Multi-vehicle (MV) crashes, which can lead to great damages to society, have always been a serious issue for traffic safety. A further understanding of crash severity can help transportation engineers identify the critical reasons and find effective countermeasures to improve transportation safety. However, studies involving methods of machine learning to predict the possibility of injury-severity of MV crashes are rarely seen. Besides that, previous studies have rarely taken temporal stability into consideration in MV crashes. To bridge these knowledge gaps, two kinds of models: random parameters logit model (RPL), with heterogeneities in the means and variances, and Random Forest (RF) were employed in this research to identify the critical contributing factors and to predict the possibility of MV injury-severity. Three-year (2016-2018) MV data from Washington, United States, extracted from the Highway Safety Information System (HSIS), were applied for crash injury-severity analysis.

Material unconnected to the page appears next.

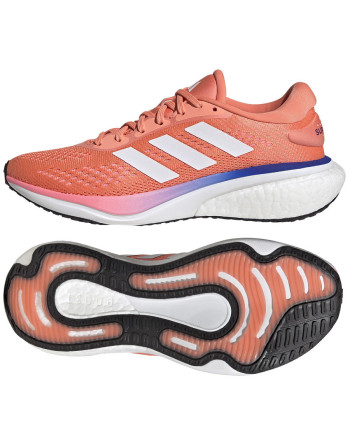 Buty adidas SuperNova 2 GV9028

In addition, a series of likelihood ratio tests were conducted for temporal stability between different years. Four indicators were employed to measure the prediction performance of the selected models, and four categories of crash-related characteristics were specifically investigated based on the RPL model. The results showed that the machine learning-based models performed better than the statistical models did when taking the overall accuracy as an evaluation indicator. However, the statistical models had a better prediction performance than the machine learning models had considering crash costs. Temporal instabilities were present between 2016 and 2017 MV data. The effect of significant factors was elaborated based on the RPL model with heterogeneities in the means and variances.

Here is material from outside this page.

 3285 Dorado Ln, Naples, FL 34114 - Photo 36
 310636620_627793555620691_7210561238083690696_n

多车碰撞事故会给社会带来巨大损失,一直是交通安全领域的严重问题。深入了解碰撞严重程度有助于交通工程师找出关键原因并找到有效的应对措施,以提高交通安全。然而,很少有研究涉及使用机器学习方法来预测多车碰撞事故中受伤严重程度的可能性。除此之外,以往的研究在多车碰撞事故中很少考虑时间稳定性。为了填补这些知识空白,本研究采用了两种模型:均值和方差具有异质性的随机参数logit模型(RPL)和随机森林(RF),以识别关键影响因素并预测多车碰撞受伤严重程度的可能性。从美国华盛顿州高速公路安全信息系统(HSIS)提取的三年(2016 - 2018年)多车碰撞数据被用于碰撞受伤严重程度分析。此外,还对不同年份之间的时间稳定性进行了一系列似然比检验。采用四个指标来衡量所选模型的预测性能,并基于RPL模型具体研究了四类与碰撞相关的特征。结果表明,以整体准确率作为评估指标时,基于机器学习的模型比统计模型表现更好。然而,考虑碰撞成本时,统计模型的预测性能比机器学习模型更好。2016年和2017年的多车碰撞数据之间存在时间不稳定性。基于均值和方差具有异质性的RPL模型阐述了显著因素的影响。